Caption-style text data
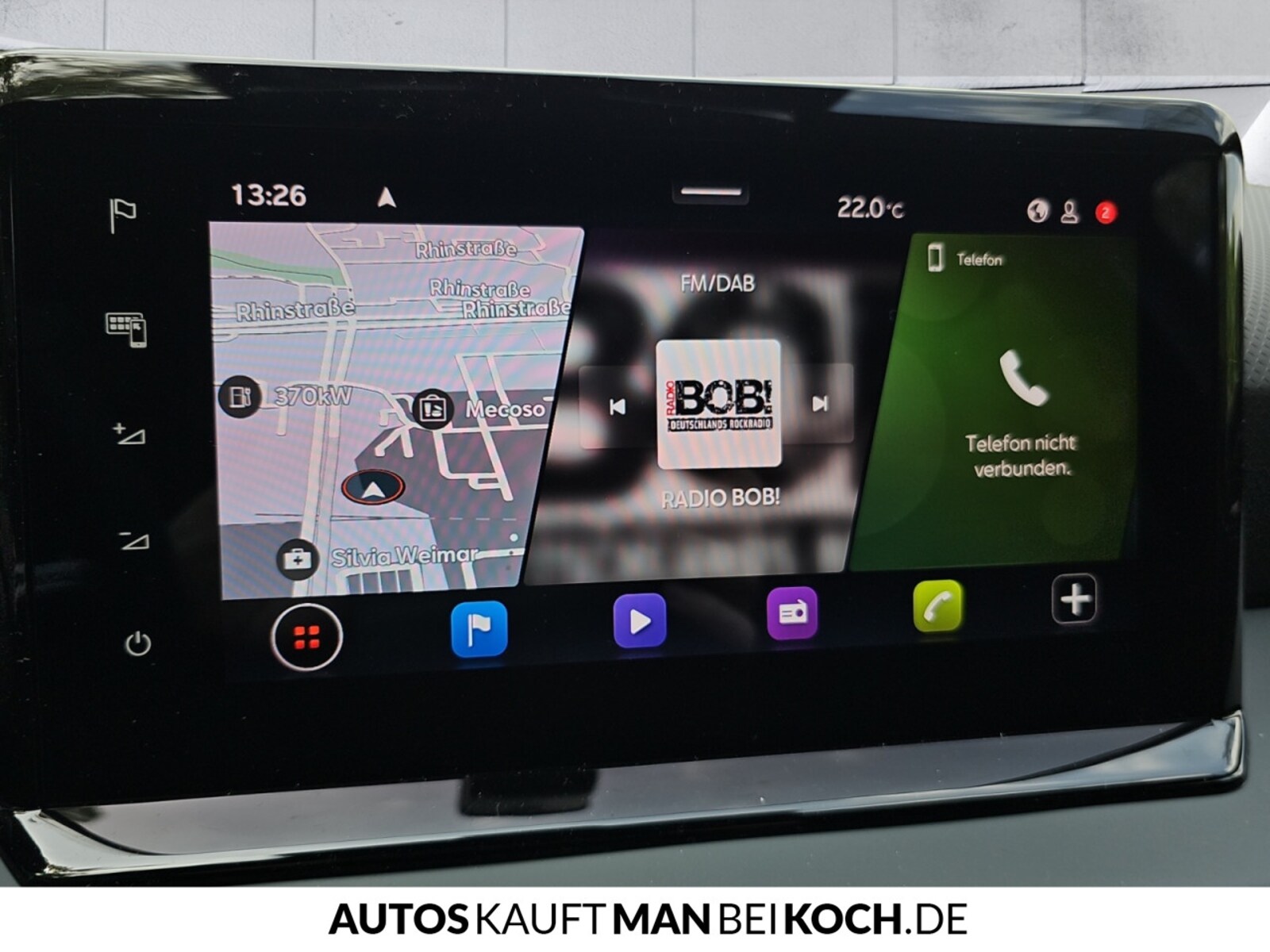 SEAT Ibiza – Bild 10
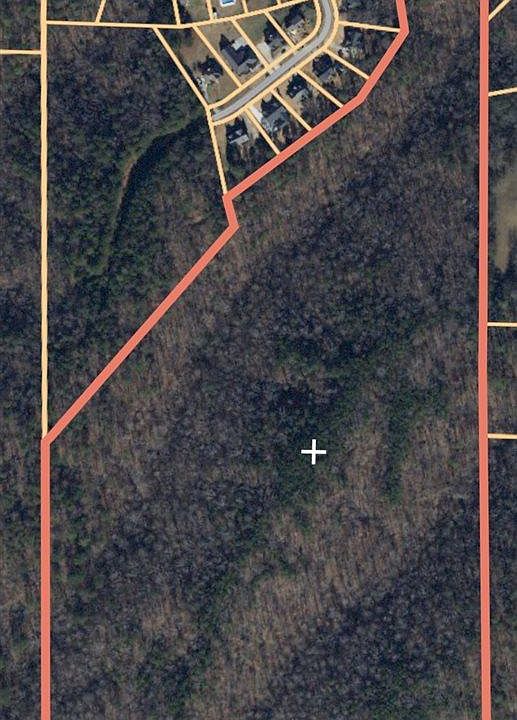 1st image of 322 Meadowood Dr Lot 48ACRES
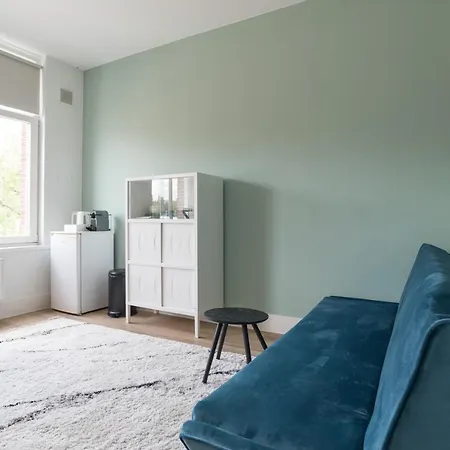 Happy Day's 홈스테이 *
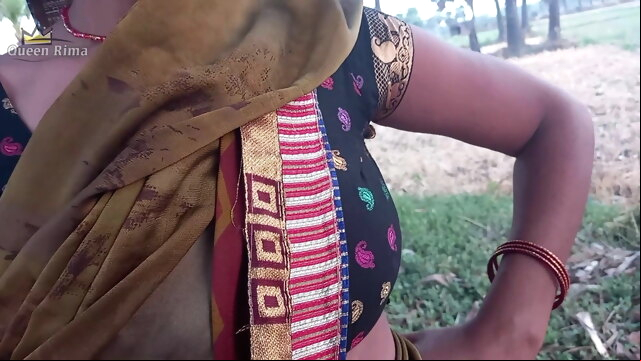 asian Ganv Ki Randi Ko 500 Rupaye Me Pataya Or Ghar Le Jakar Choda blowjob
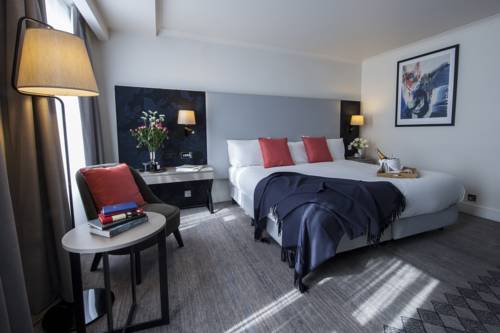 London Vereinigtes Königreich Promo-Code Booking.com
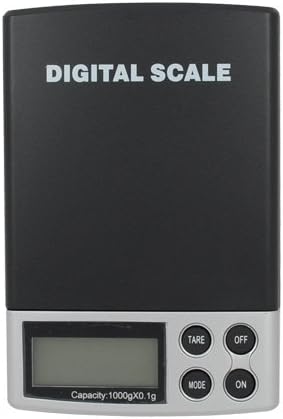 Brand new Touch Screen Stylus for iPhone 4G &amp; iPod/HTC Touch Red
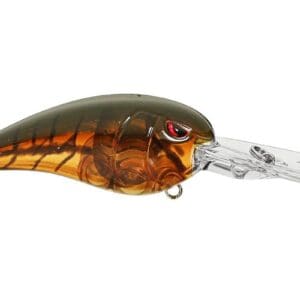 Spro - RK Crawler 55
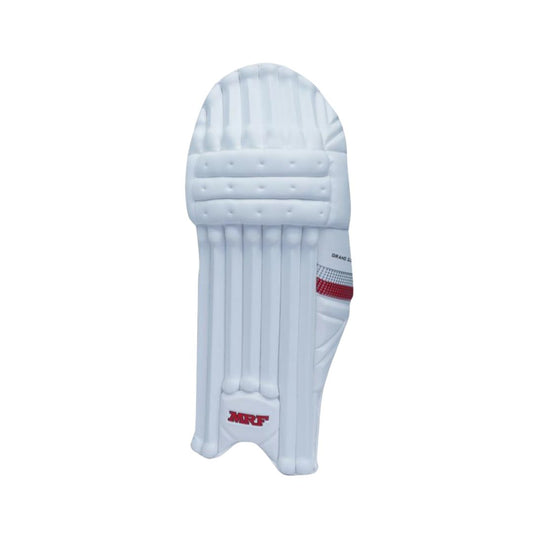 MRF Genius Grand Edition 2.0 Cricket Batting Leg Guards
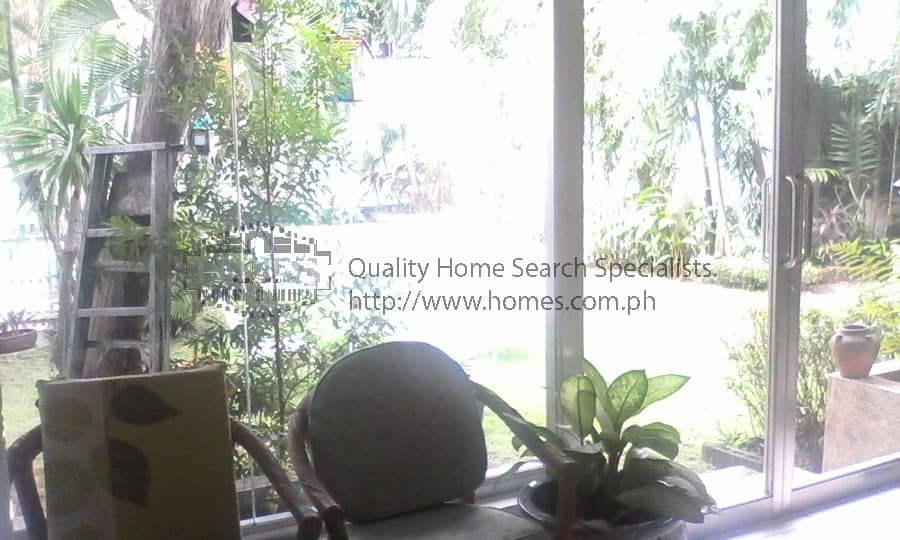Wide frontage 2 storey - photo 3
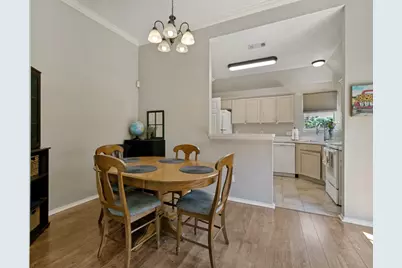 3673 Stockton Drive, Carrollton, TX 75010 - Photo 8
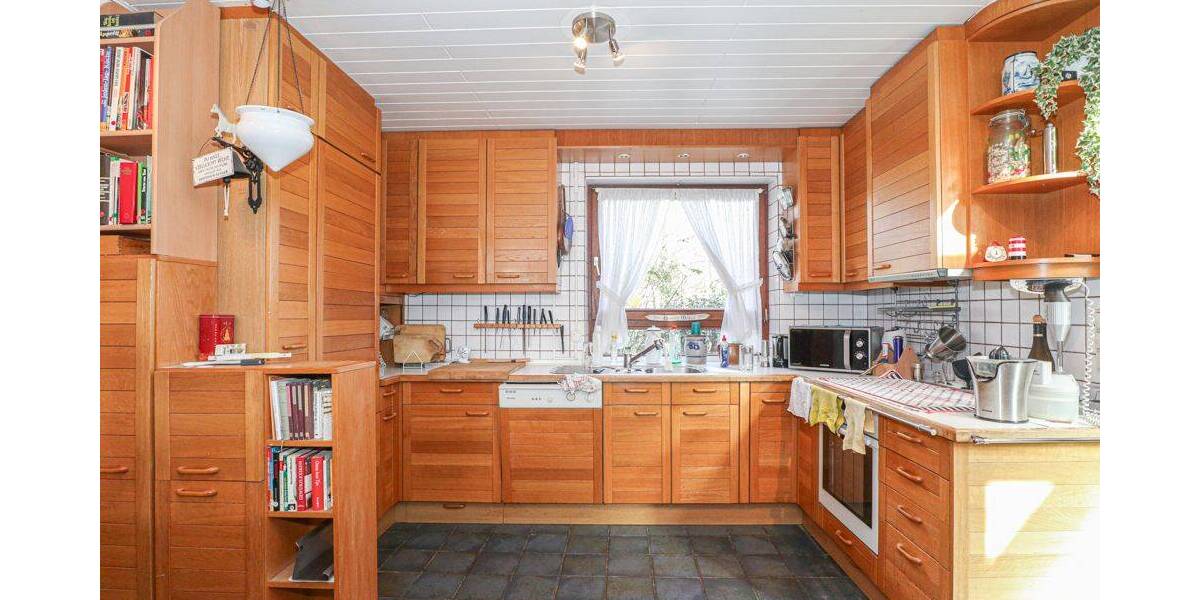 Einfamilienhaus Neuss / Neusserfurth Furth-Mitte - 4 Zimmer, 125 m&sup2;, 430.000&euro; | Angebot:26037466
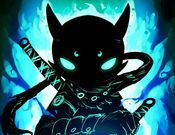 Stickman League 2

Work item — Output the data above in full. Skip every picture.

Solution for this problem —
 SEAT Ibiza – Bild 10
 1st image of 322 Meadowood Dr Lot 48ACRES
 Happy Day's 홈스테이 *
 asian Ganv Ki Randi Ko 500 Rupaye Me Pataya Or Ghar Le Jakar Choda blowjob
 London Vereinigtes Königreich Promo-Code Booking.com
 Brand new Touch Screen Stylus for iPhone 4G &amp; iPod/HTC Touch Red
 Spro - RK Crawler 55
 MRF Genius Grand Edition 2.0 Cricket Batting Leg Guards
Wide frontage 2 storey - photo 3
 3673 Stockton Drive, Carrollton, TX 75010 - Photo 8
 Einfamilienhaus Neuss / Neusserfurth Furth-Mitte - 4 Zimmer, 125 m&sup2;, 430.000&euro; | Angebot:26037466
 Stickman League 2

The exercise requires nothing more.